(Beginning of Raw data)
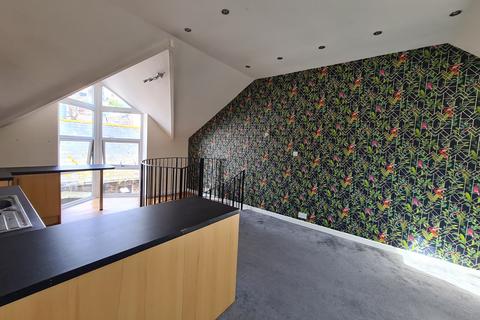 2 bedroom maisonette to rent, Beach Approach, Brixham TQ5
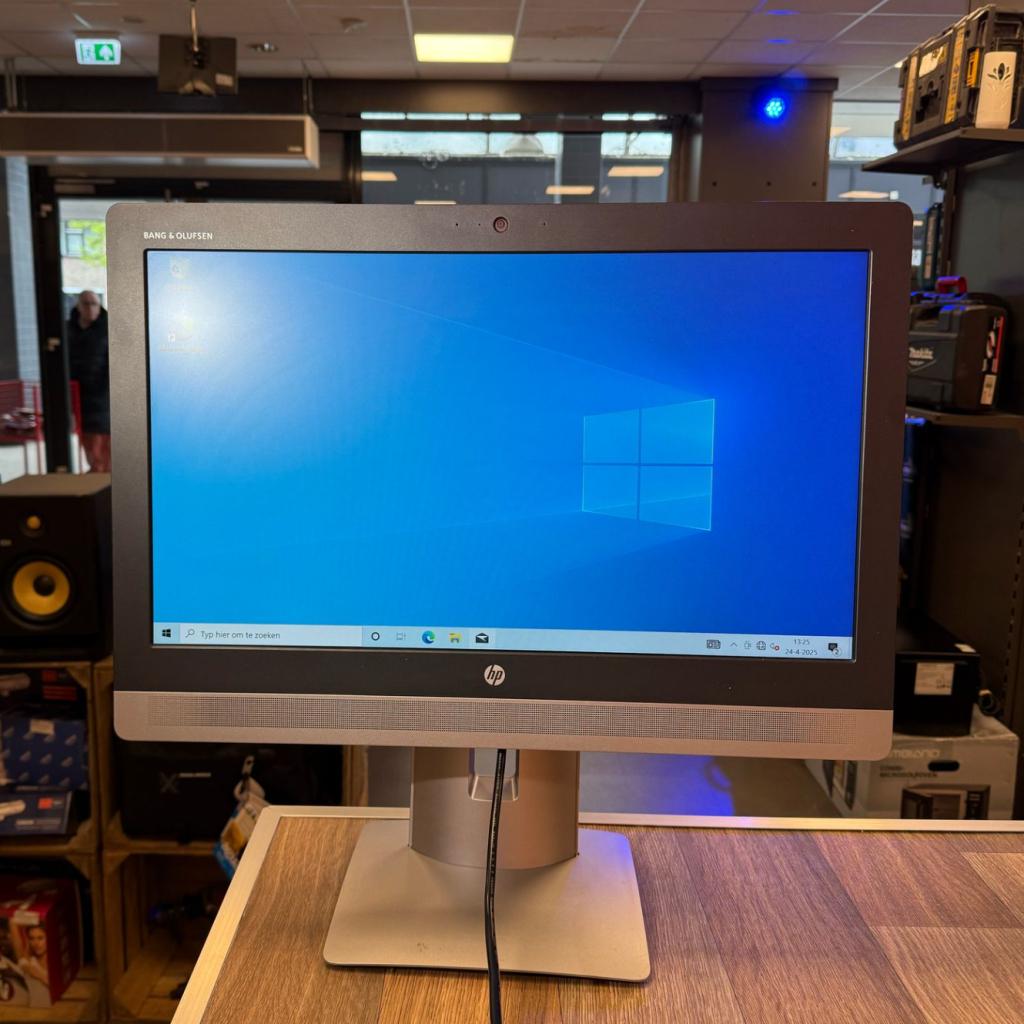HP Eliteone 800 G2 23 I3-6100  8GB 256GB All in one pc | Net, Computers en Software, HP, Zo goed als nieuw, Support@hp.com, 1501 Page Mill Road
Palo Alto, CA 94304
USA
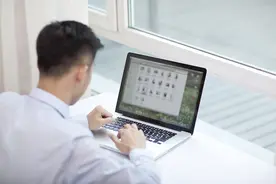 美媒：中国工作文化的未来，“更多员工，缩短工时”？图片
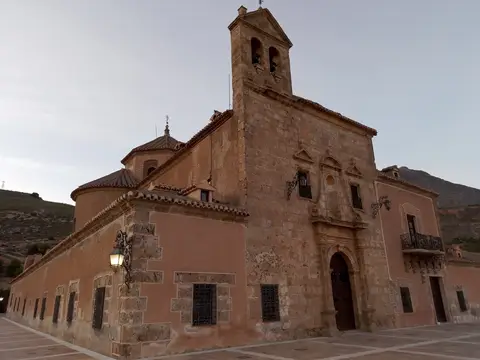fachada principal del santuario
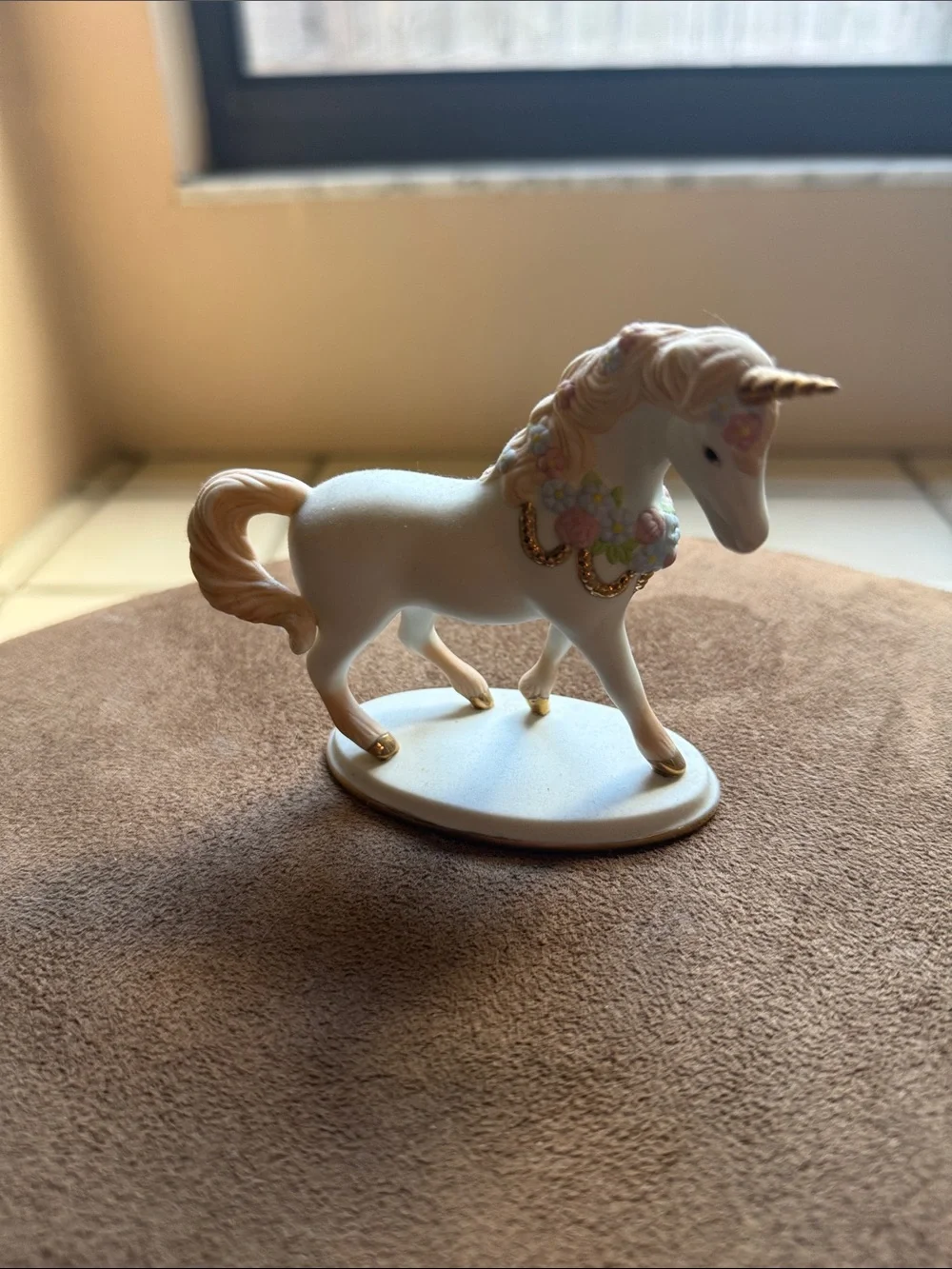 Franklin Mint Multicolor Unicorn Figurine Shelf Display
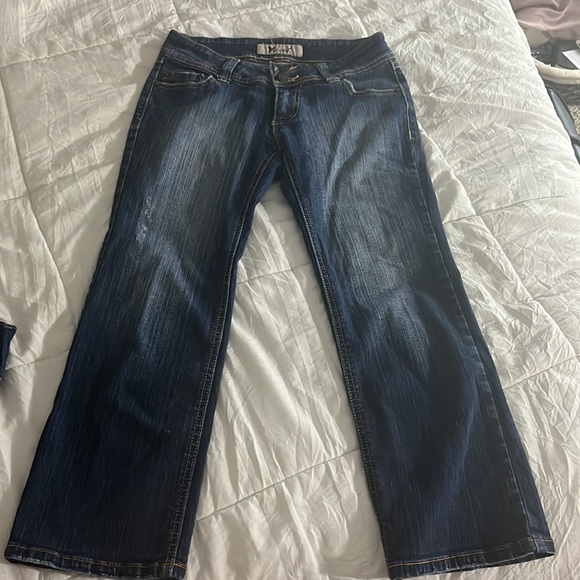 Y2K low rise capris - Picture 2 of 4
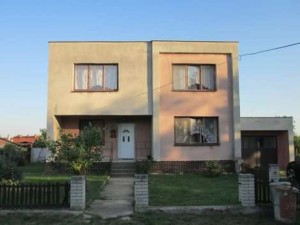 Rodinný dům s garáží a zahradou o užitné ploše cca 182 m2 ve Velkém Karlově - Foto.JPG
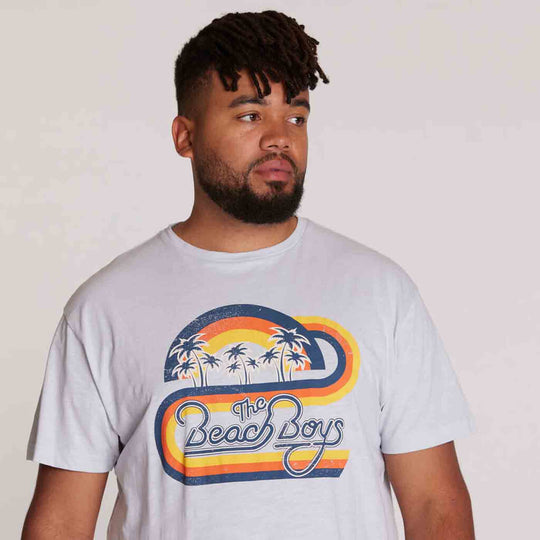 Allsize T-Shirt mit The Beach Boys Druck in weiß für moderne herrenmode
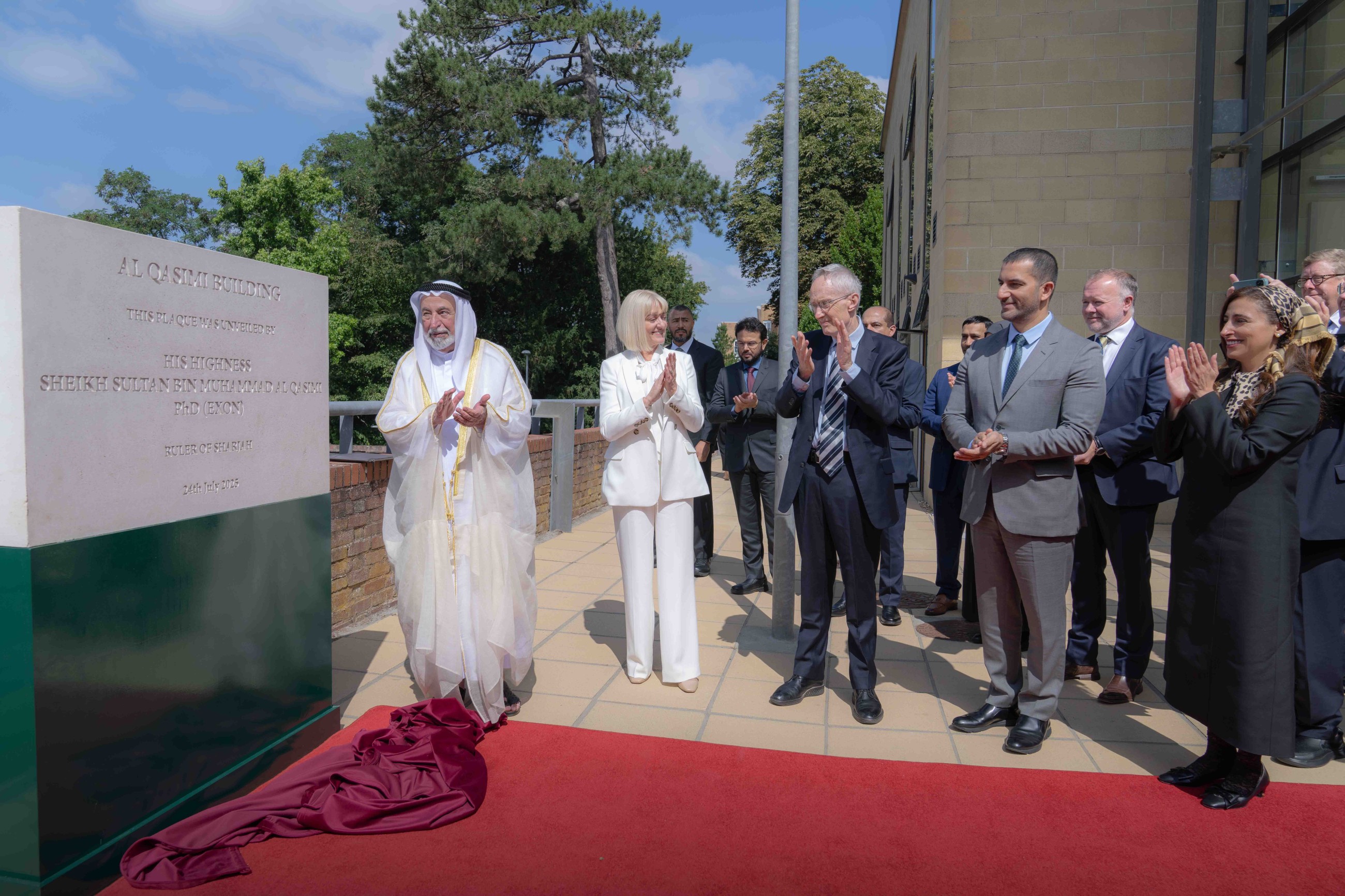 Sharjah Ruler Sheikh Sultan receives Exeter Medal, unveils Al Qasimi Building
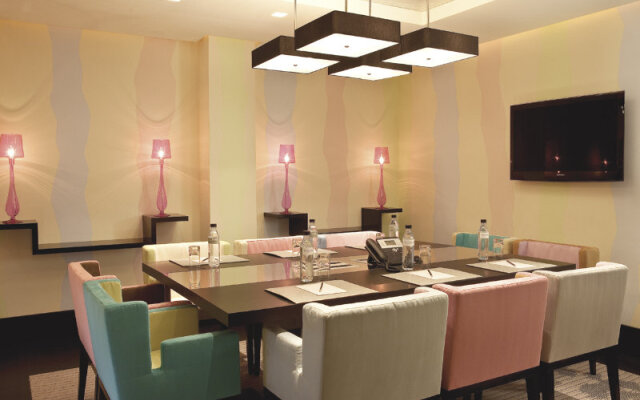 Le Wagram-Champs-Elysées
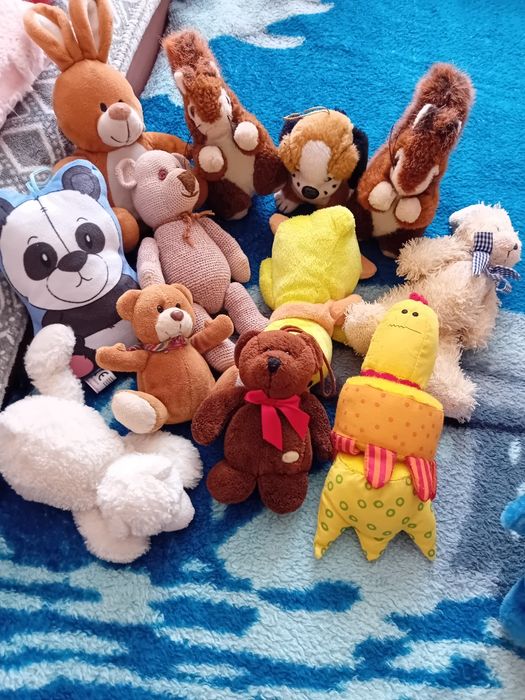 Vând jucării de pluș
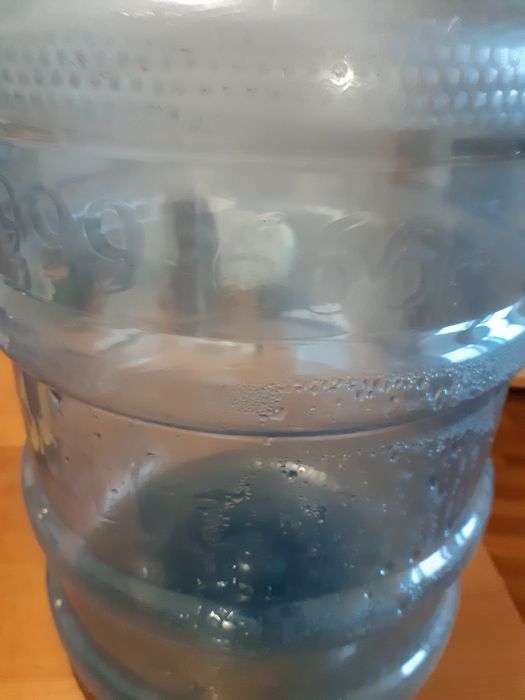 продам бутыль пустой 19 литров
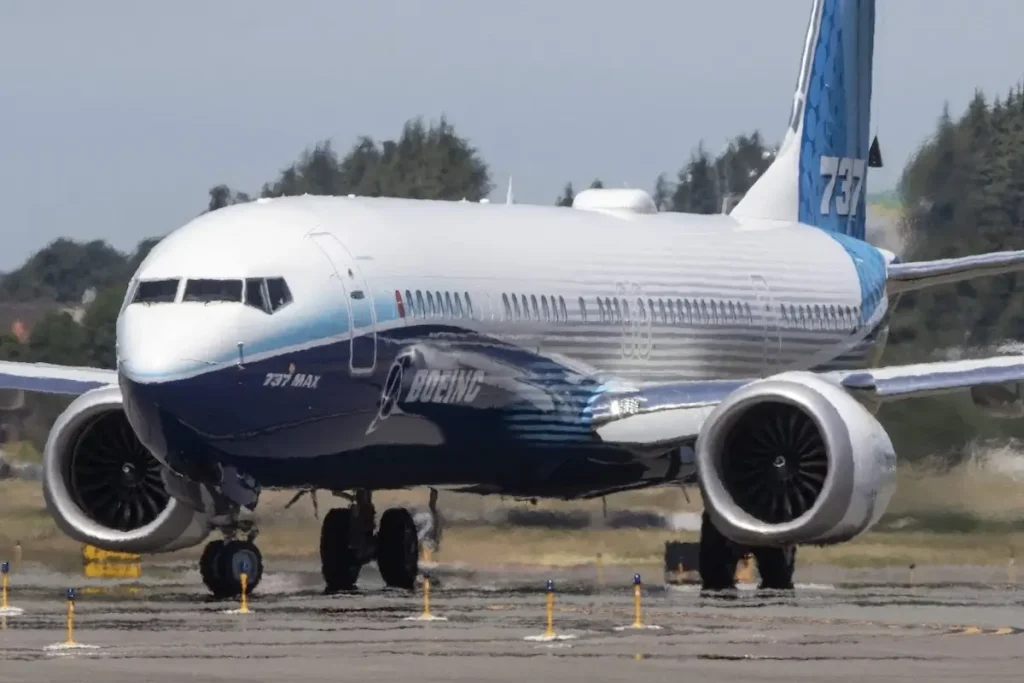 A Boeing 737 MAX 10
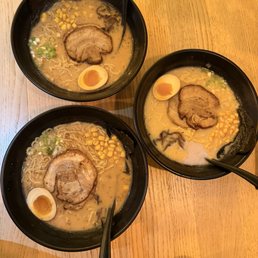 Uma White Garlic Tonkotsu Ramen Uma White Garlic Tonkotsu Ramen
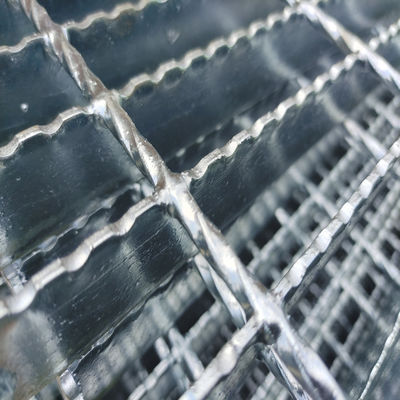 Modular Customizable Serrated Carbon Steel Bar Grating Easy Installation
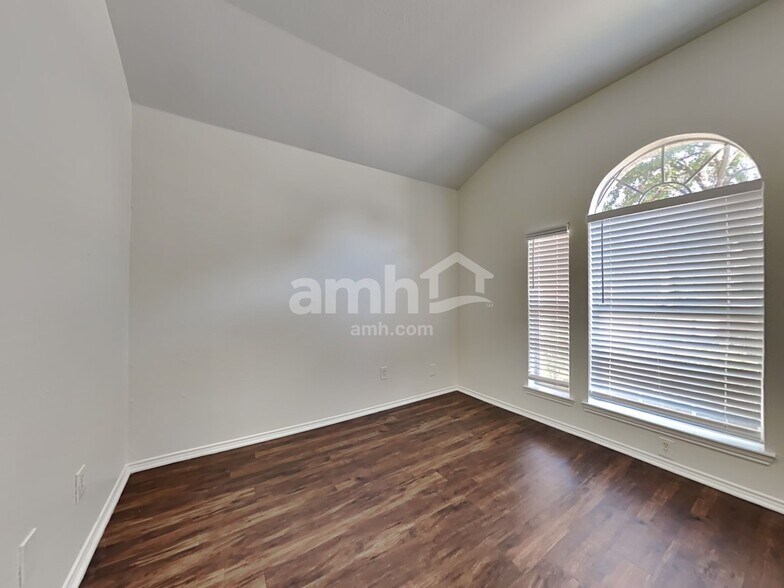 Building Photo - 916 Dixon Ln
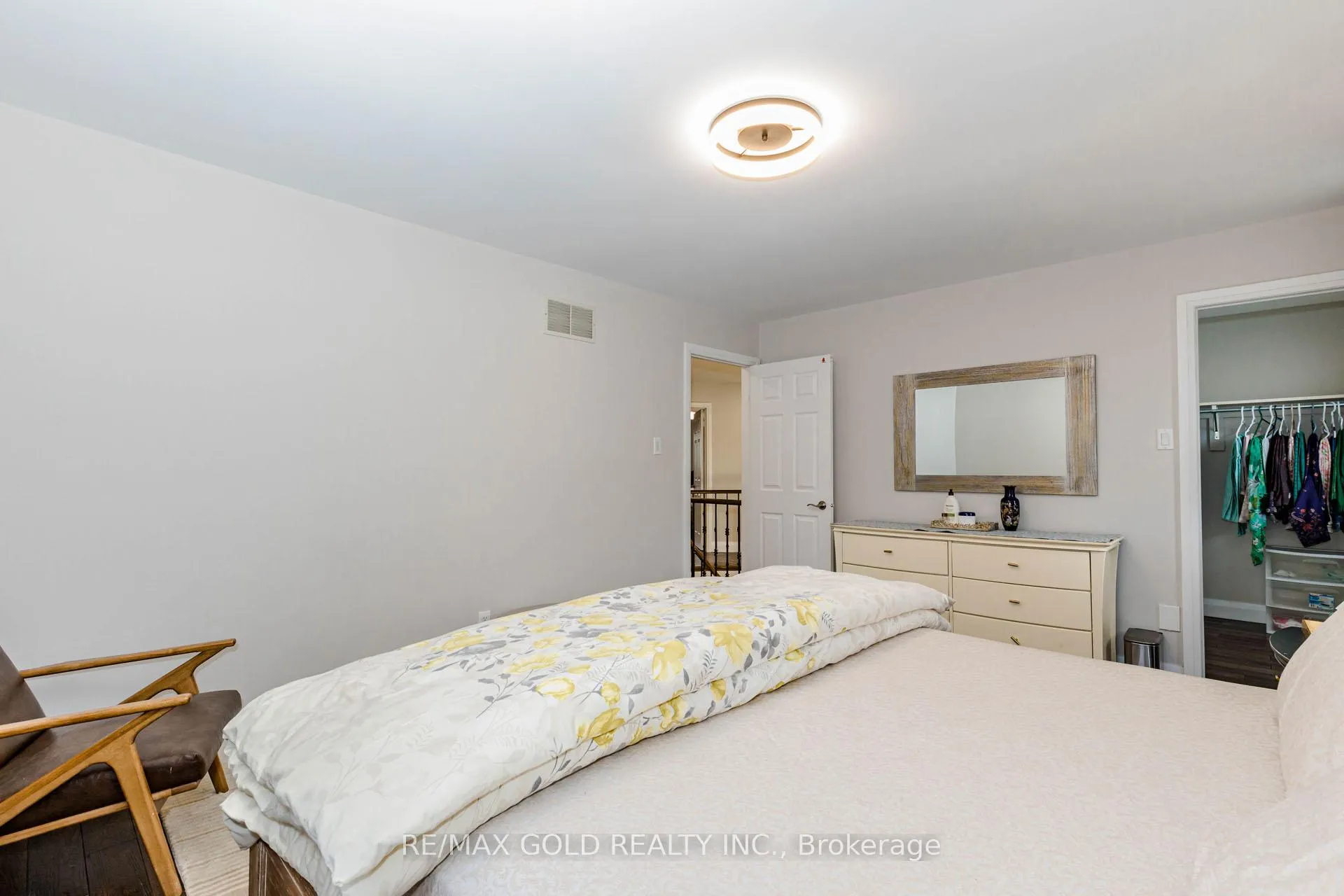 Photo 26 of 3 Kenpark Avenue, Brampton, Snelgrove — HOMEH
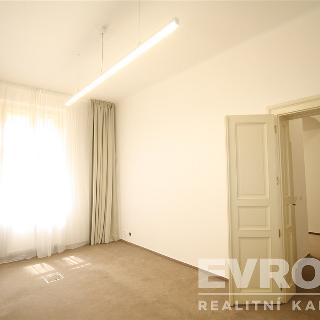 Pronájem kanceláře 106 m² Praha, Sokolovská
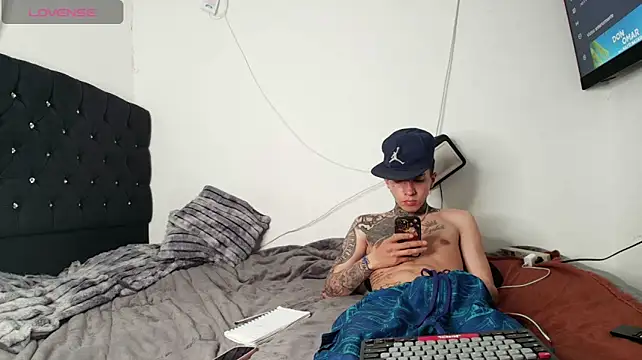 Kitty_and_jake Chat XXX live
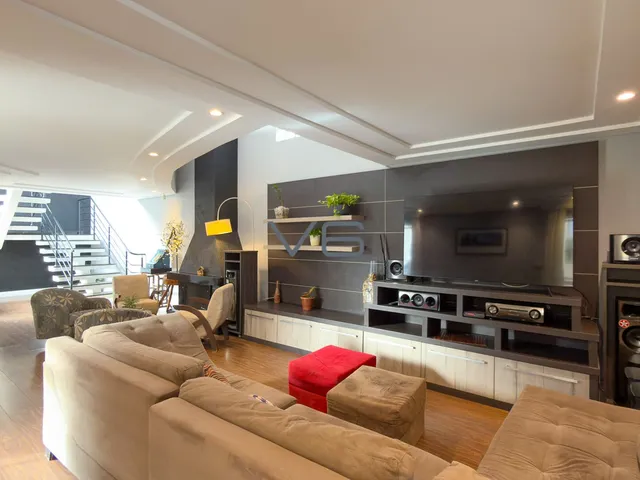 Imagem: Casa Alto Padrão em Condomínio com 303m²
(End of Raw data)
**What the task requires:**
In the records above, find the line with "Sharjah Ruler Sheikh" and the line with "Photo 26 of", then restate word for word only those two lines and all lines between, omitting pictures.

**Problem solution:**
 Sharjah Ruler Sheikh Sultan receives Exeter Medal, unveils Al Qasimi Building
 Le Wagram-Champs-Elysées
 Vând jucării de pluș
 продам бутыль пустой 19 литров
 A Boeing 737 MAX 10
 Uma White Garlic Tonkotsu Ramen Uma White Garlic Tonkotsu Ramen
 Modular Customizable Serrated Carbon Steel Bar Grating Easy Installation
 Building Photo - 916 Dixon Ln
 Photo 26 of 3 Kenpark Avenue, Brampton, Snelgrove — HOMEH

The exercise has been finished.